**What you have to do:**
Return the following from the records below: each line, word for word, starting with the line that contains "Chris here with" and going on through the line that contains "During the mix", with nothing outside that range.

Start of Data excerpts

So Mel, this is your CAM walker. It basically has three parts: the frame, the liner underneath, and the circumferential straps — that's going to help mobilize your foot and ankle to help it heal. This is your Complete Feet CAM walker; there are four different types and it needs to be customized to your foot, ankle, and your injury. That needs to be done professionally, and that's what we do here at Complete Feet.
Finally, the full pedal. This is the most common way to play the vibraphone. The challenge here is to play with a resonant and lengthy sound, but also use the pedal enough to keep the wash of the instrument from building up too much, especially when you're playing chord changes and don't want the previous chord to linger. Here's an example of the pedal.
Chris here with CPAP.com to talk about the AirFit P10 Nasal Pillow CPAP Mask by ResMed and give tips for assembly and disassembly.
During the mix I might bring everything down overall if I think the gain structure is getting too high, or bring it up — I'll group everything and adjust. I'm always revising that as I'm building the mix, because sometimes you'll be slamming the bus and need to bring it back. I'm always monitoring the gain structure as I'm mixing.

End of Data excerpts
Start of Data excerpts

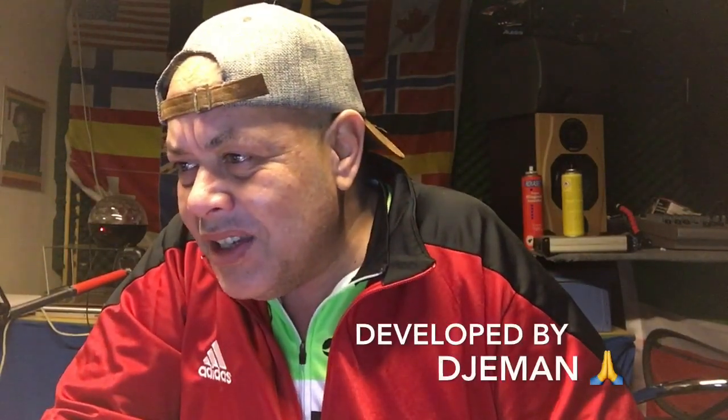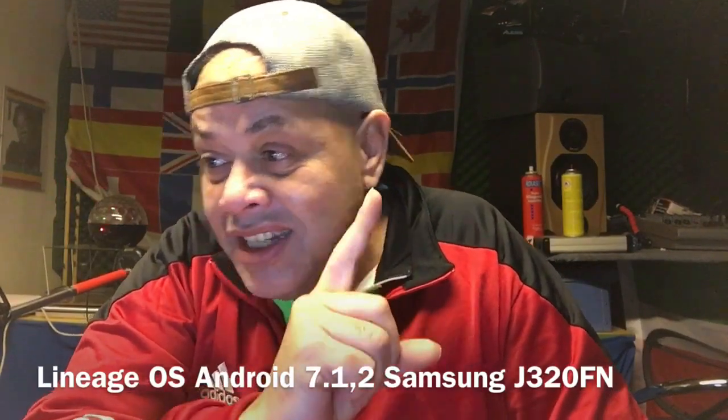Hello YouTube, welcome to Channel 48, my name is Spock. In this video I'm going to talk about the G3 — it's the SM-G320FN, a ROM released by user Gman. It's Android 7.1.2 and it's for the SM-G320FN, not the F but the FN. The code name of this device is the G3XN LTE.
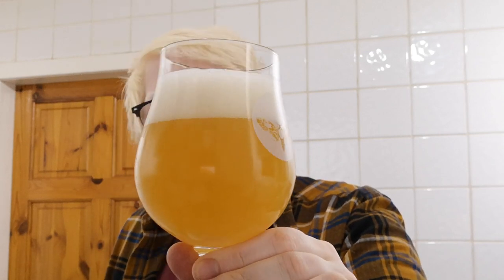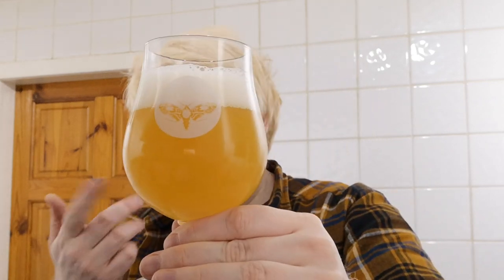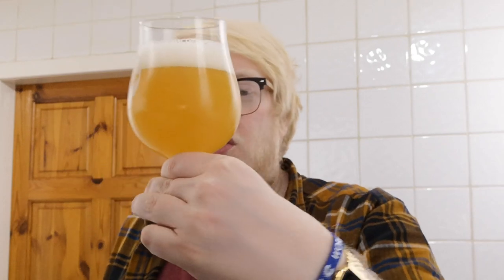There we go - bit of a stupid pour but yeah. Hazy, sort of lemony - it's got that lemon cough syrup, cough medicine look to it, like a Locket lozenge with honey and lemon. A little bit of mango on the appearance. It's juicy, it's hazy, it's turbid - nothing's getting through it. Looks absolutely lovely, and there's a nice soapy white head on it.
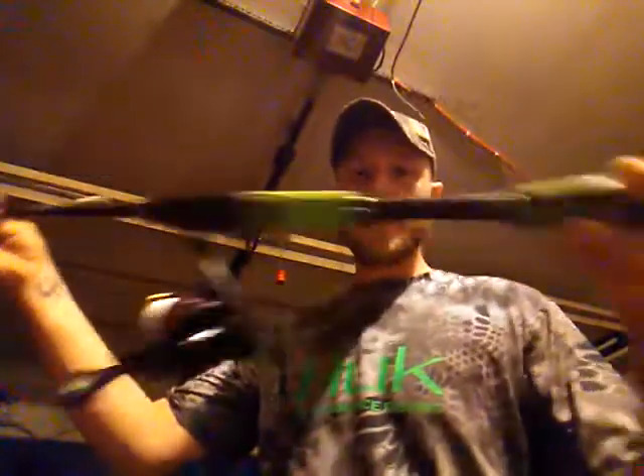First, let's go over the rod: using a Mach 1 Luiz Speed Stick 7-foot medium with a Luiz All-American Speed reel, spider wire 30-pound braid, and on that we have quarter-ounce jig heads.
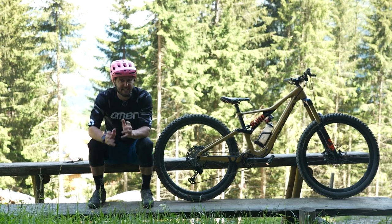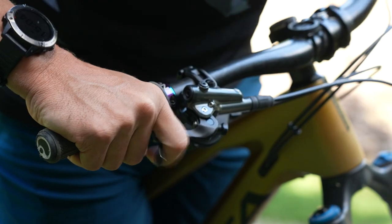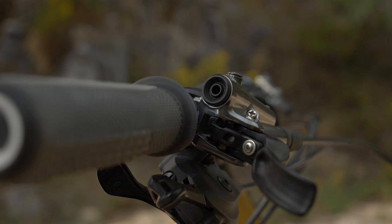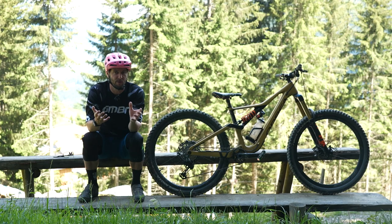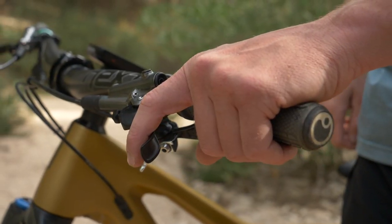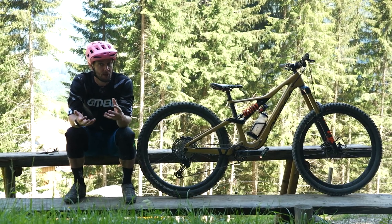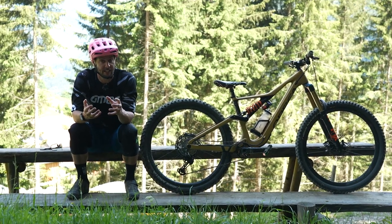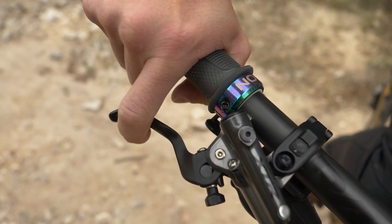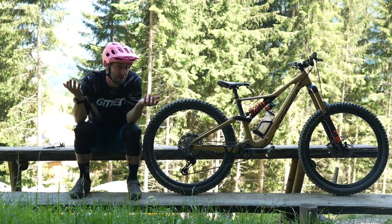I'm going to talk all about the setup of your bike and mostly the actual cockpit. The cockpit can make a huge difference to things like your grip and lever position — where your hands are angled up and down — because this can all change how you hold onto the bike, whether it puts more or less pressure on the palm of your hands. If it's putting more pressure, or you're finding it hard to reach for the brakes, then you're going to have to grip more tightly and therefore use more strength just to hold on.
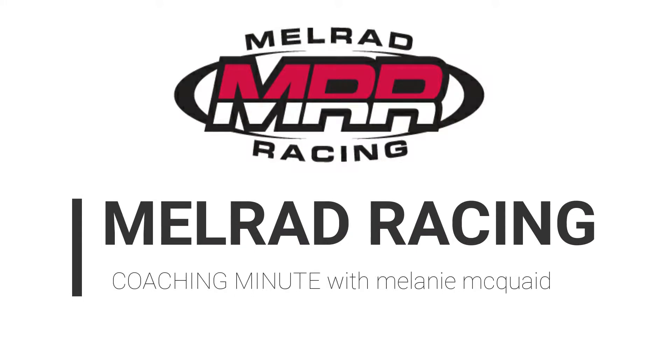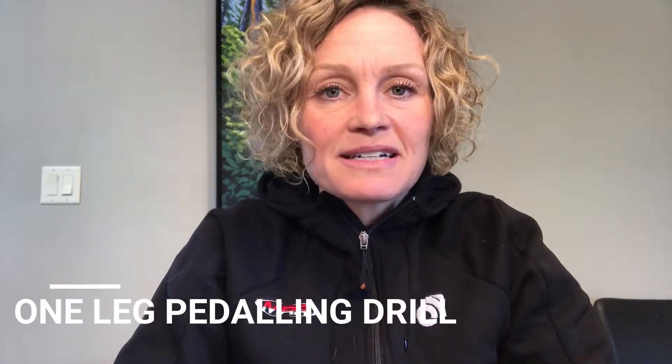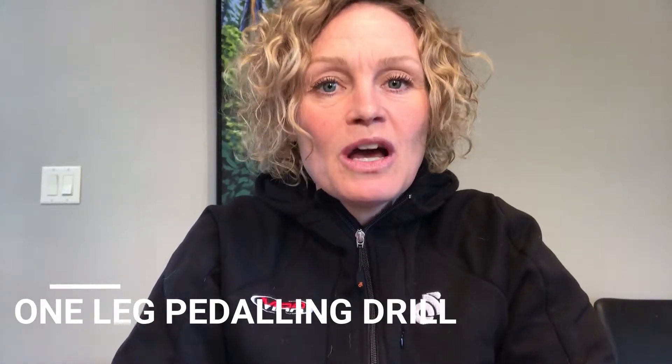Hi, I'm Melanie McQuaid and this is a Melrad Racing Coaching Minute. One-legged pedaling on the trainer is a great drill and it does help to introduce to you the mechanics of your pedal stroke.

End of Data excerpts

**Written reply:**
Chris here with CPAP.com to talk about the AirFit P10 Nasal Pillow CPAP Mask by ResMed and give tips for assembly and disassembly.
During the mix I might bring everything down overall if I think the gain structure is getting too high, or bring it up — I'll group everything and adjust. I'm always revising that as I'm building the mix, because sometimes you'll be slamming the bus and need to bring it back. I'm always monitoring the gain structure as I'm mixing.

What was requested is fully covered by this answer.